ACTIVITY: Your task is to restate word for word the lines in the material below, from the one with "Abito midi smanicato" up to and including the one with "Café Lehmitz (Edición". Do not carry over the pictures.

╭─ RECORDS SHOWN

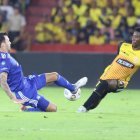 Sebastián Rodríguez, capitán azul, estuvo cerca de la expulsión tras una falta sobre Adonis Preciado.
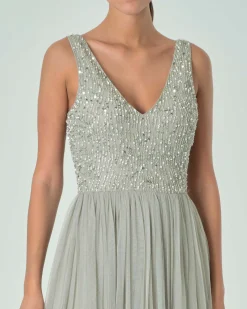 Abito midi smanicato verde salvia chiaro in tulle con corpetto ricamato in paillettes e perline tono su tono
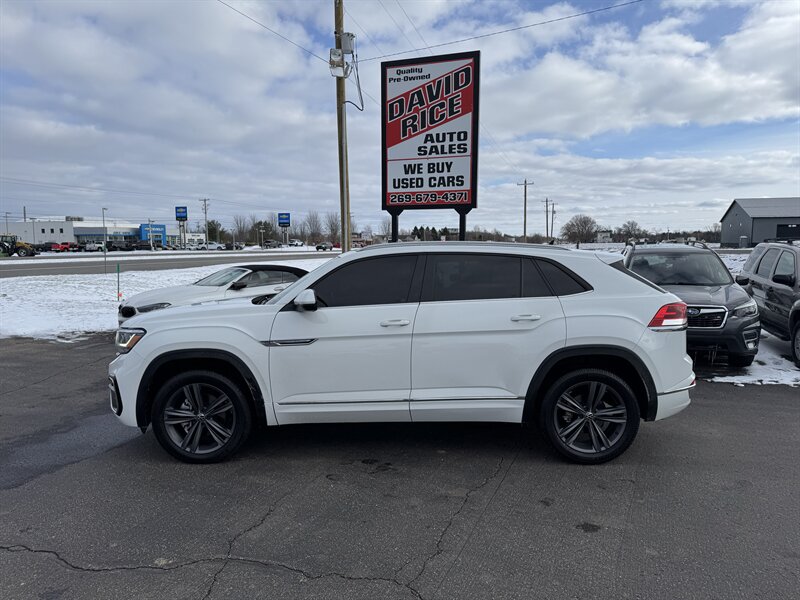 2021 Volkswagen Atlas Cross Sport V6 SE R-Line   - Photo 1 - Schoolcraft, MI 49087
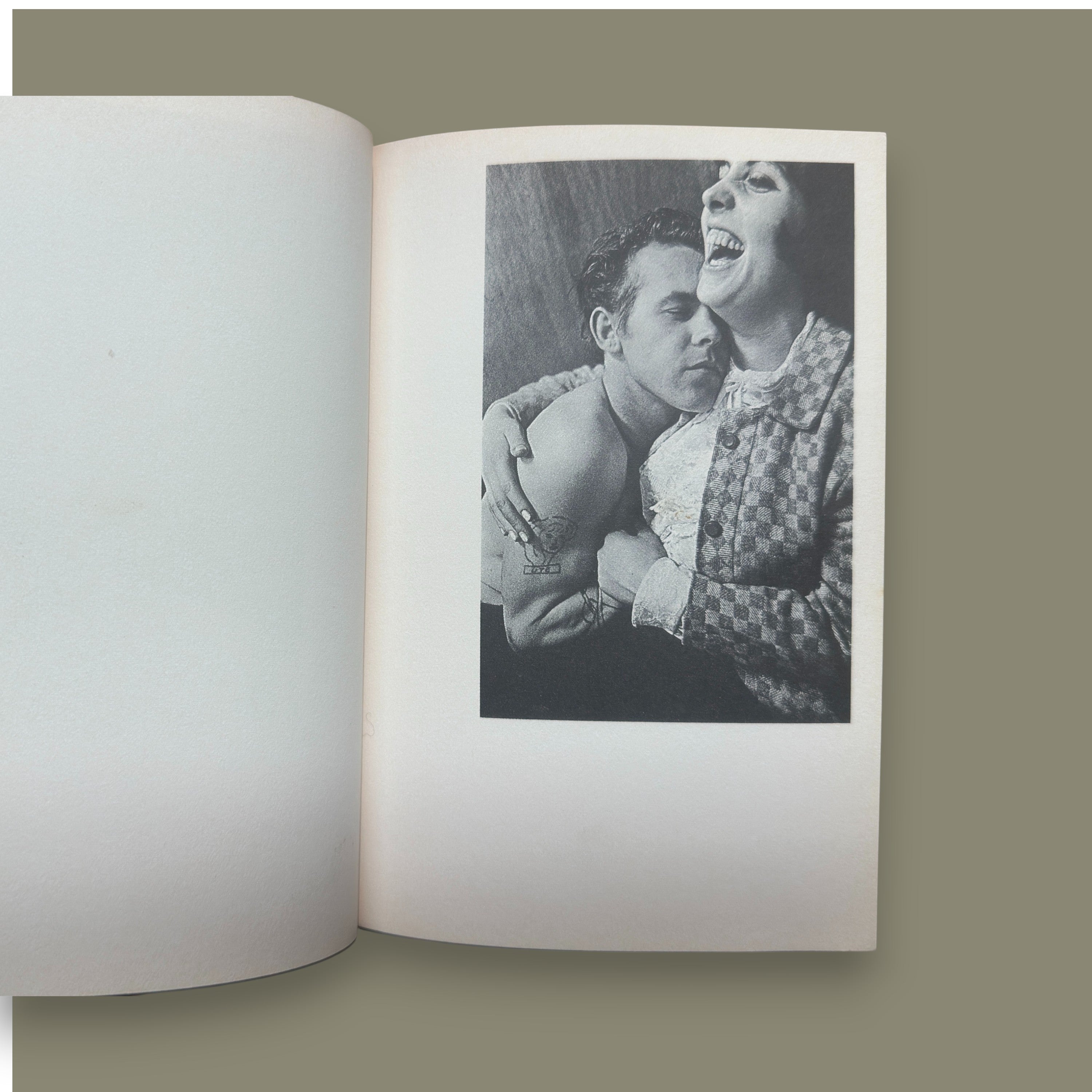 Café Lehmitz (Edición de bolsillo firmada) — Anders Petersen, 1985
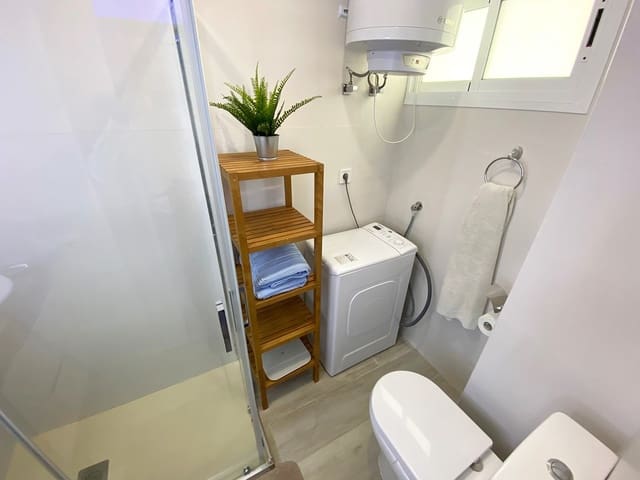 Apartament do wynajęcia w San Bartolomé de Tirajana z basenem - 800 € (Ref: 10175285)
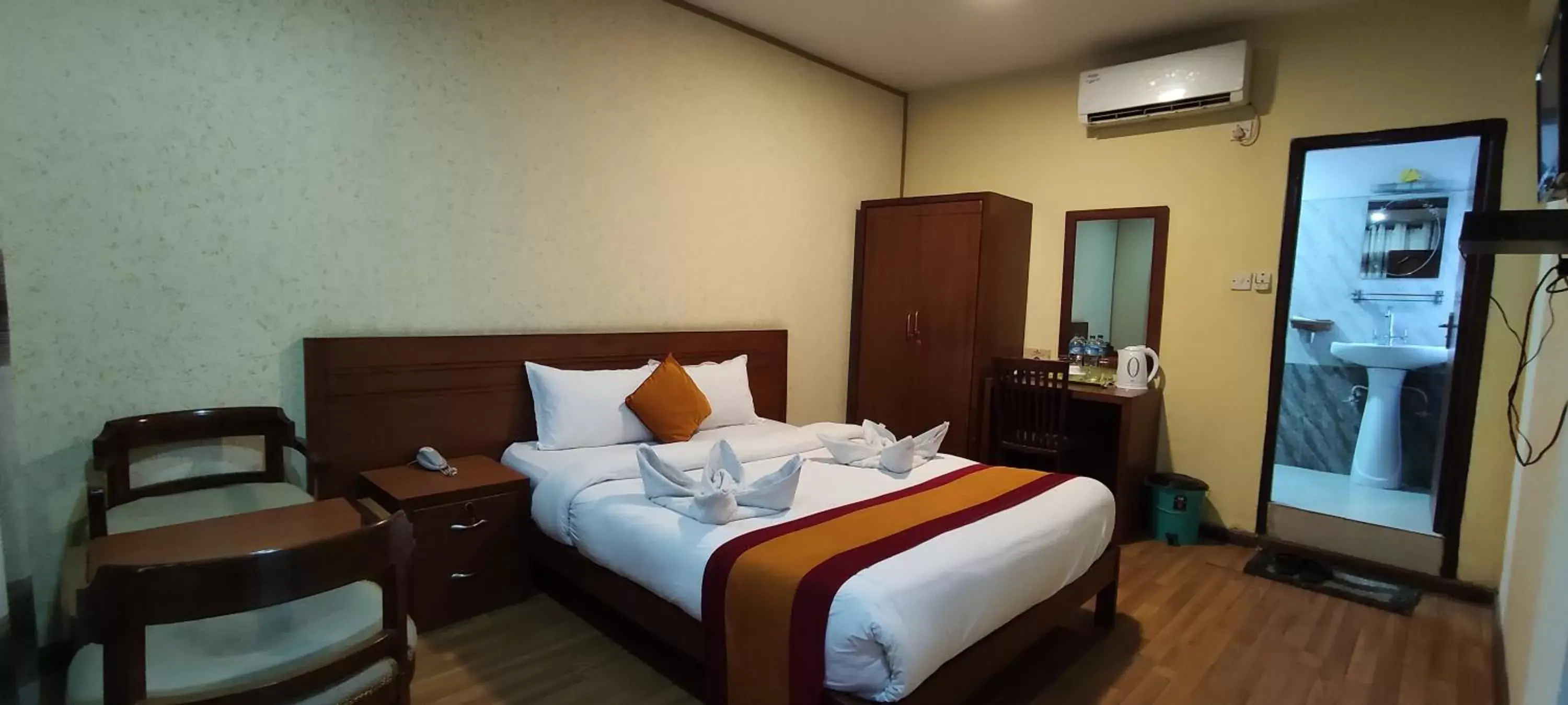 Double Room with Private Bathroom in Royal Kings Hotel Double Room with Private Bathroom in Royal Kings Hotel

╰─

RESULT FOR THIS TASK:
 Abito midi smanicato verde salvia chiaro in tulle con corpetto ricamato in paillettes e perline tono su tono
 2021 Volkswagen Atlas Cross Sport V6 SE R-Line   - Photo 1 - Schoolcraft, MI 49087
 Café Lehmitz (Edición de bolsillo firmada) — Anders Petersen, 1985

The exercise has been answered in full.